Catholic Church leaders in America were just as eager as any others to prove their loyalty to the United States. The bishops of the United States formed the National Catholic War Council in 1917 to coordinate and encourage Catholic participation in the War. The Council set up Catholic settlement houses in cities across the country to Americanize immigrants and urged every diocese and Catholic organization to set up their own Americanization programs.

Once unleashed by the War, the fear of disloyal foreigners took on a life of its own. In the midst of a postwar depression and a series of major strikes, government agencies began cracking down on foreigners as suspected radicals. State legislatures, still flush with the nationalist emotions of the war and fearful of the new economic upheaval, lost faith in private voluntary Americanization activities and turned to the schools to make "100% Americans" out of Italian, Polish, or Slovak immigrants and their children. By 1919, two states required non English speaking aliens to attend Americanization classes. In the same year, fifteen states passed laws insisting that all instruction in primary schools must be in English.

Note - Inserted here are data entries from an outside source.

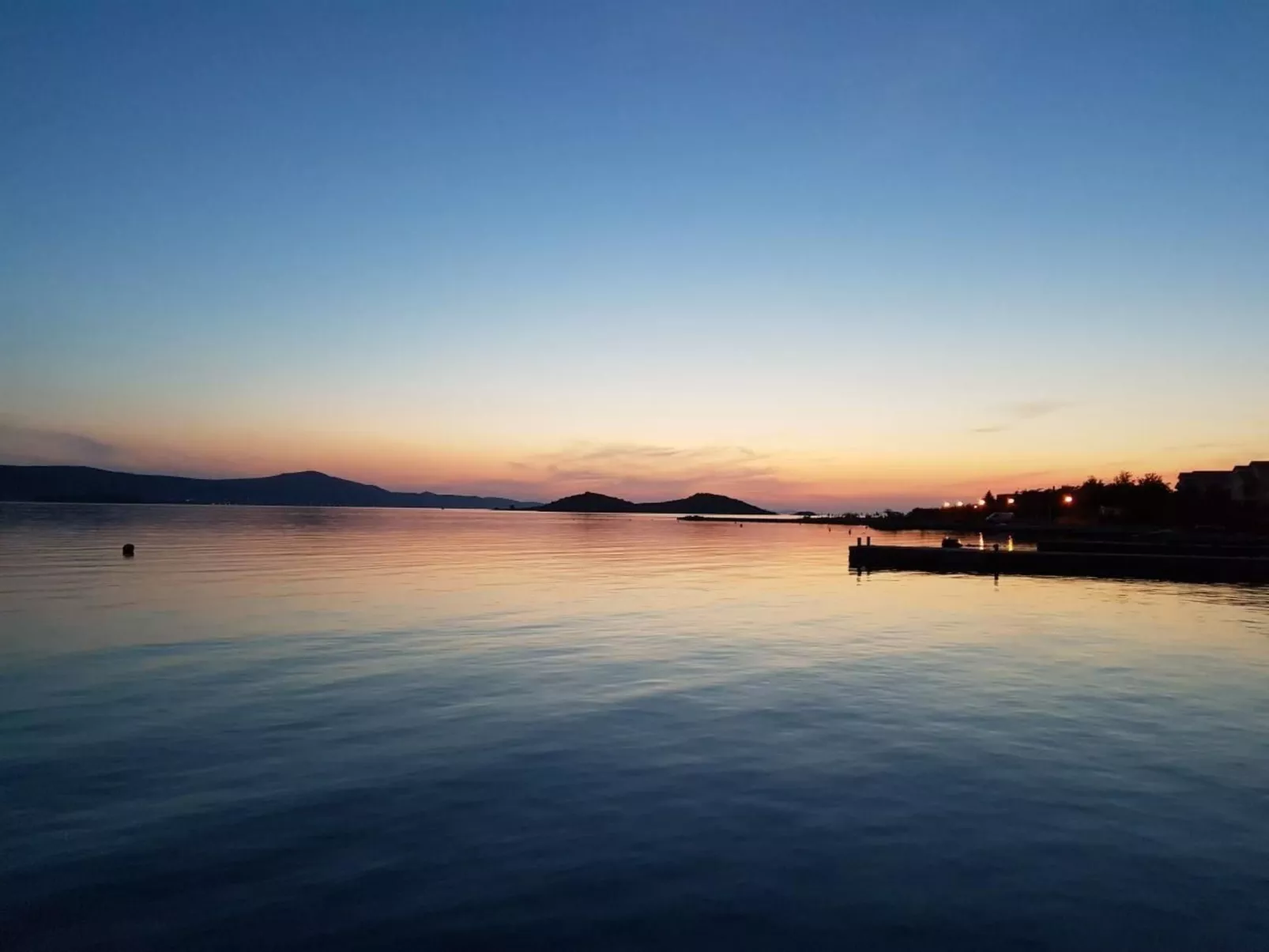 In Turanj mit Grill-Draußen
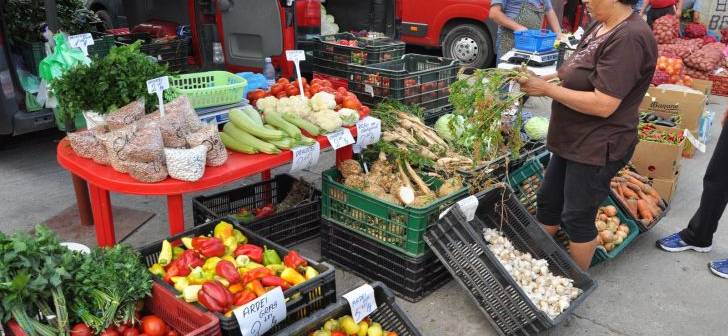 DESCINDERI la târgul de legume și fructe de pe varianta Constanța – Ovidiu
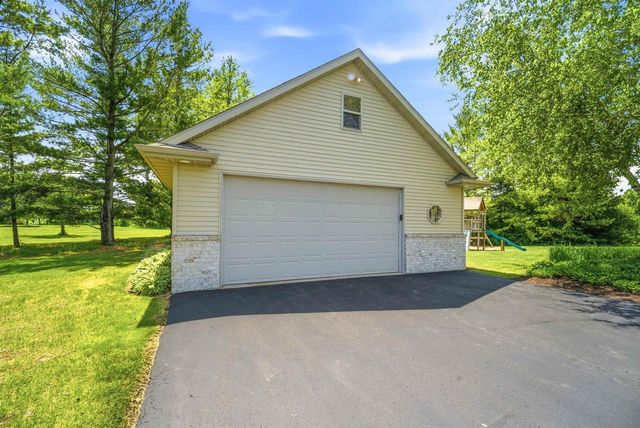 N983 FOX SPRINGS DRIVE, Greenville, WI 54942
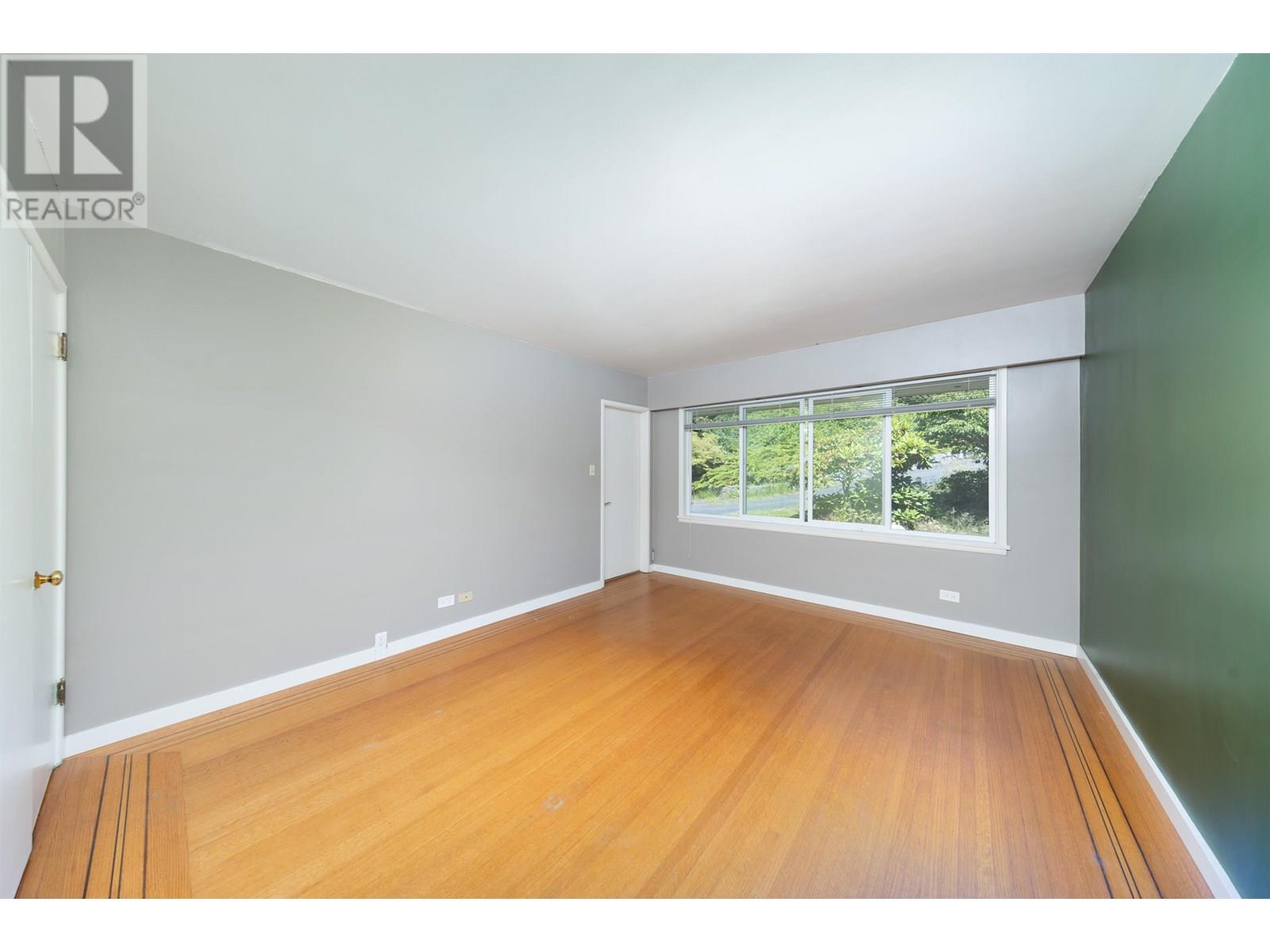 1028 Eyremount Drive, West Vancouver, British Columbia  V7S 2B3 - Photo 33 - R3022102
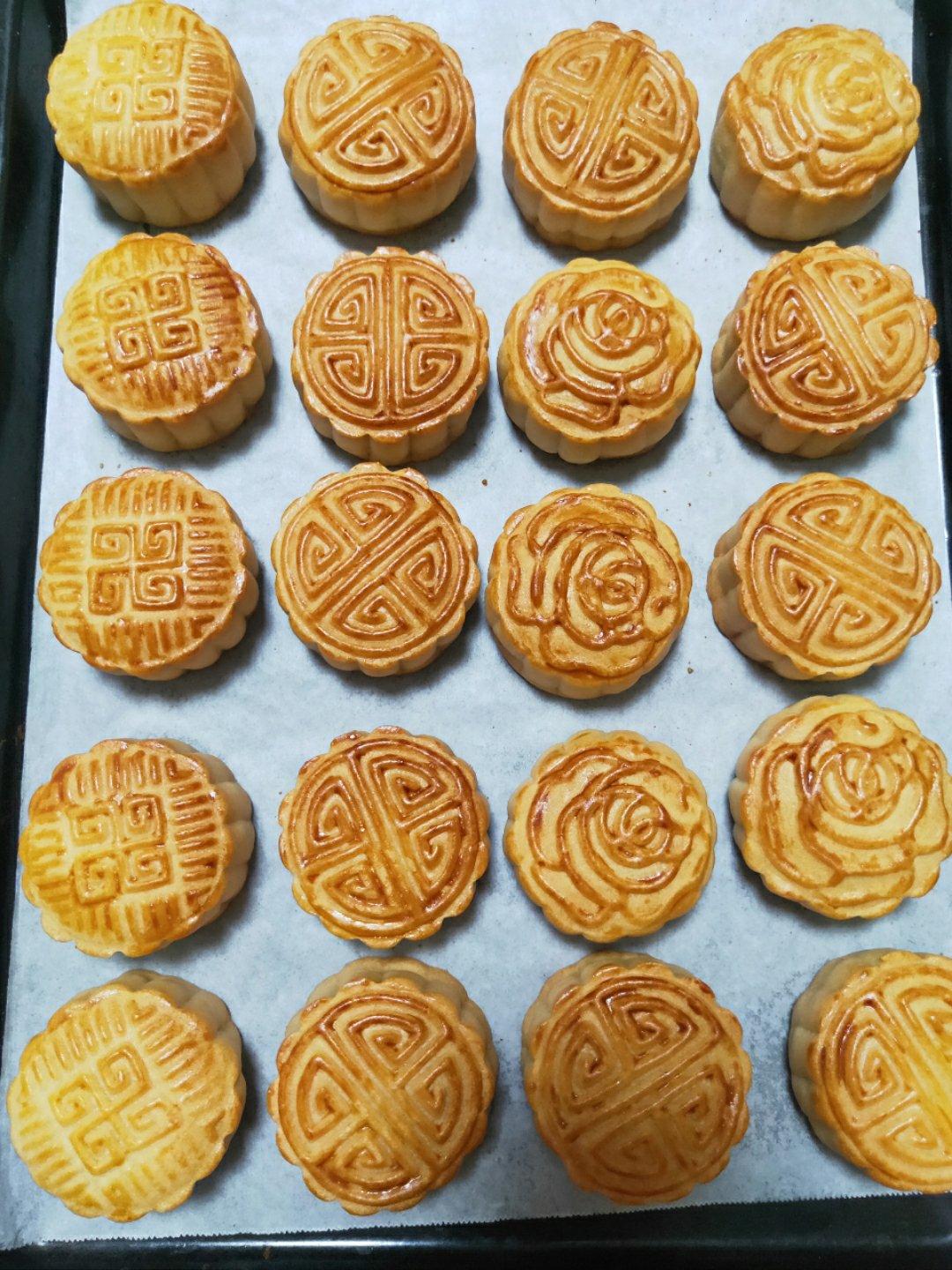 让新手也可以做出完美的广式豆沙蛋黄月饼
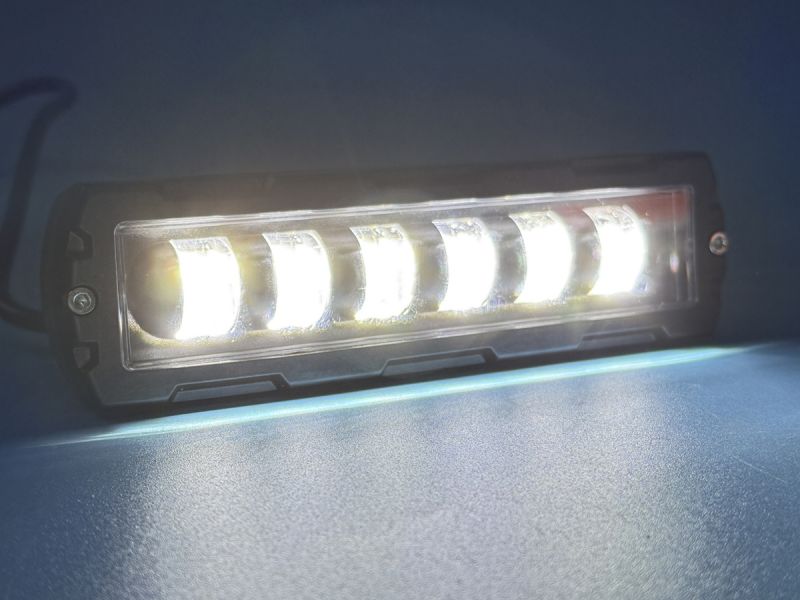 Светодиодная LED фара YZX039-40W белый/желтый свет с четкой свето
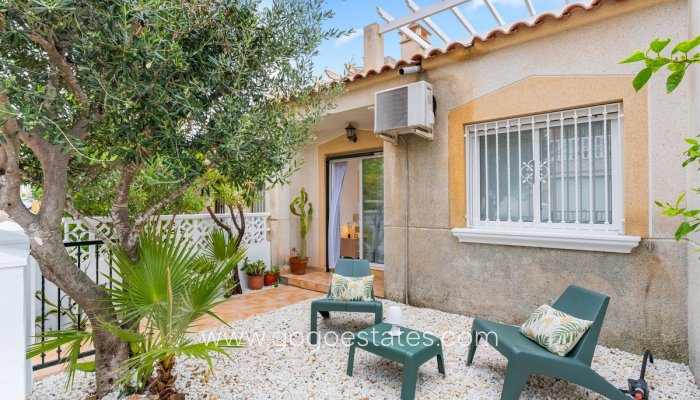 Te koop - Huis - Bungalow - Orihuela - Villamartin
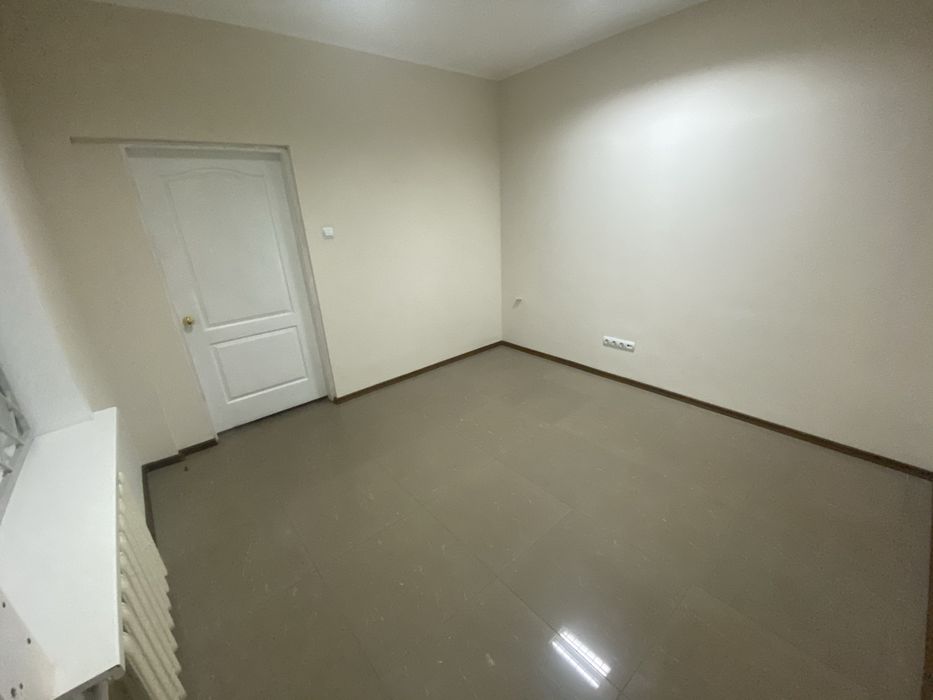 Продам нежитлове приміщення р-н ж/д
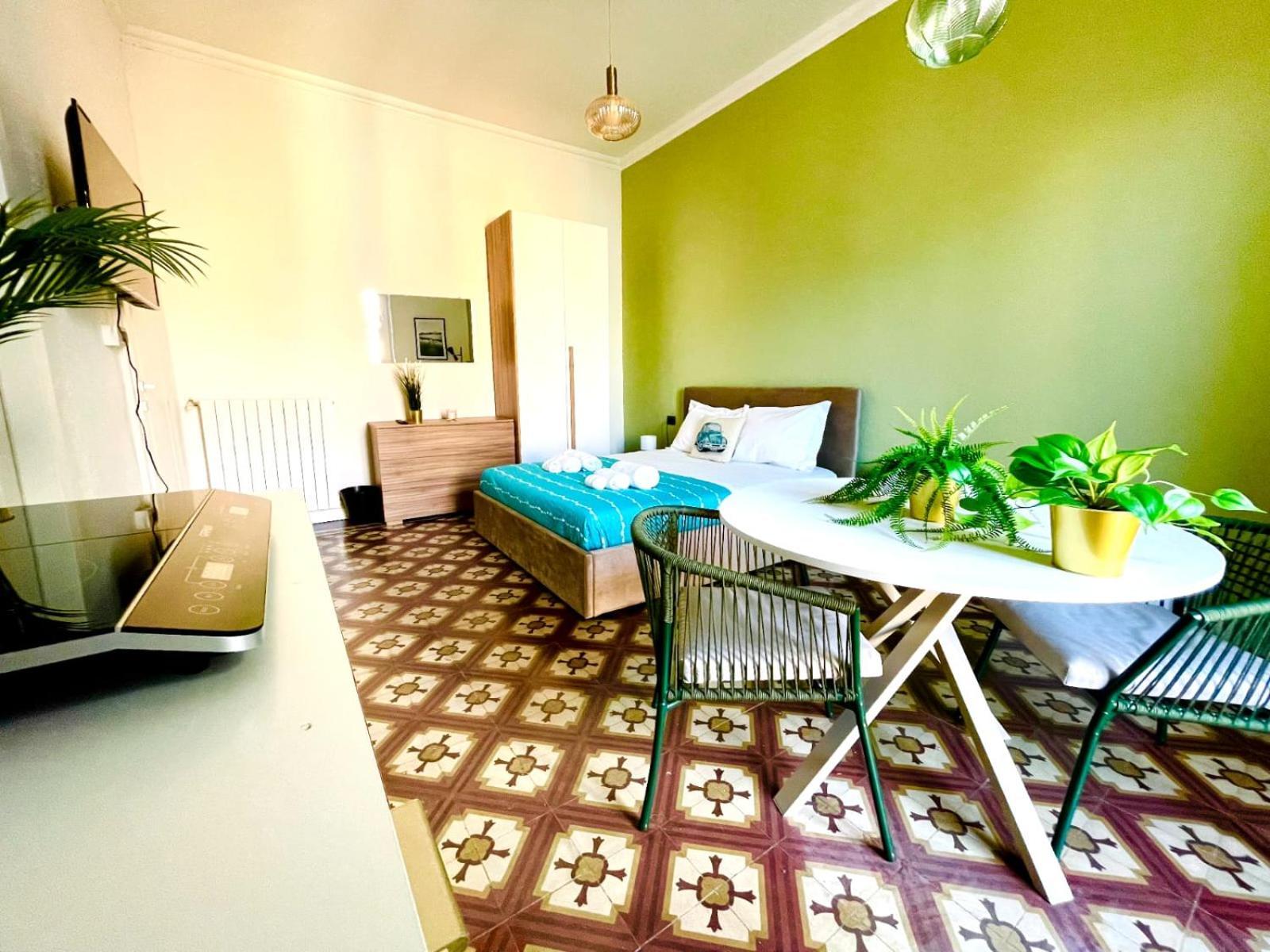 Charming Rooms Loreto 8 Милан Экстерьер фото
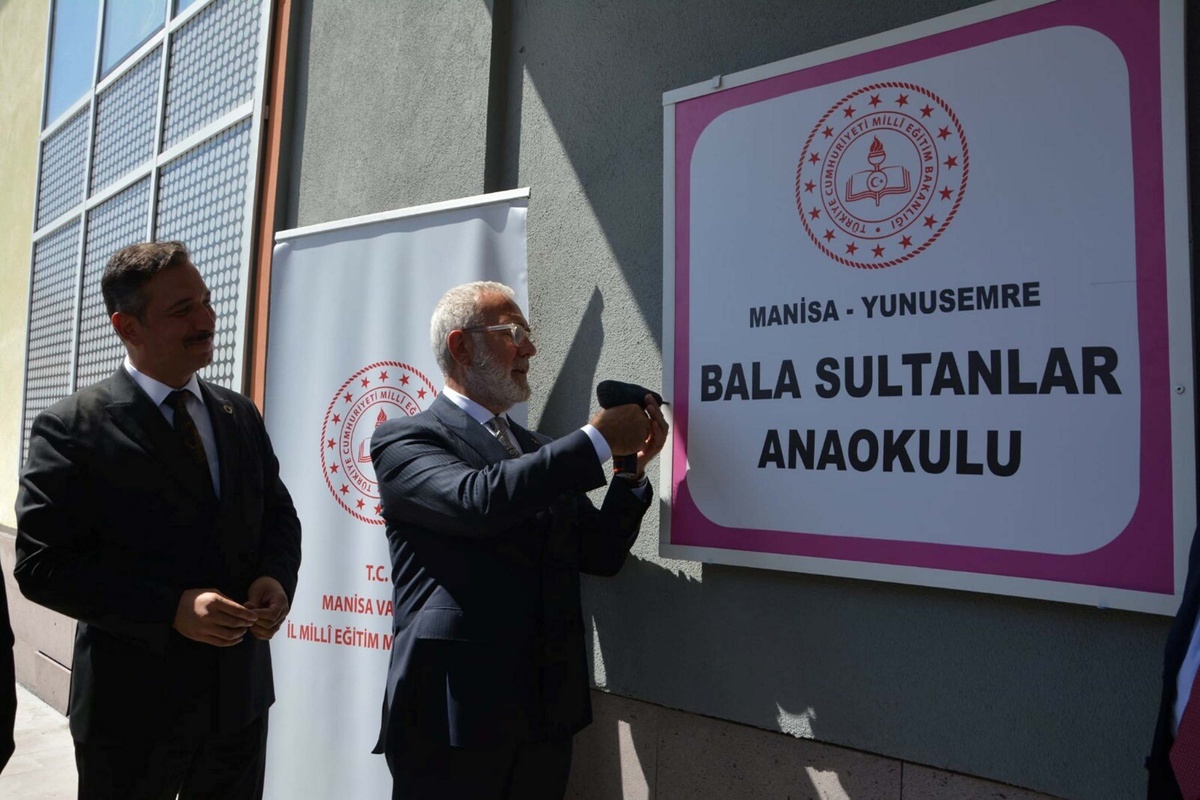 AK Partili Yenişehirlioğlu, Manisa Akgedik'te 64 derslikli 4 okulun tabelasını astı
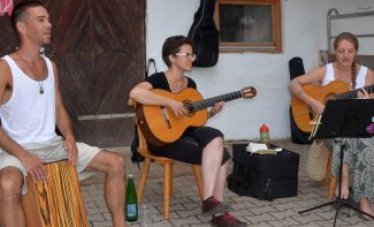 Musik von Stefan, Kerstin und Gandharvika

These school laws were only one battle in the cultural war emerging during the "Tribal Twenties." Congress would severely restrict immigration, virtually excluding immigrants from Italy, Poland, Slovakia, Hungary and other parts of eastern Europe. Meanwhile the Ku Klux Klan, reborn on Stone Mountain in Georgia in 1915, grew to over 3 million members by 1924. The new Klan was much more popular in the north and concerned about immigrants and Catholics than the old Klan of the Reconstruction era. In fact, the new Klan's stronghold was not any southern state, but Indiana.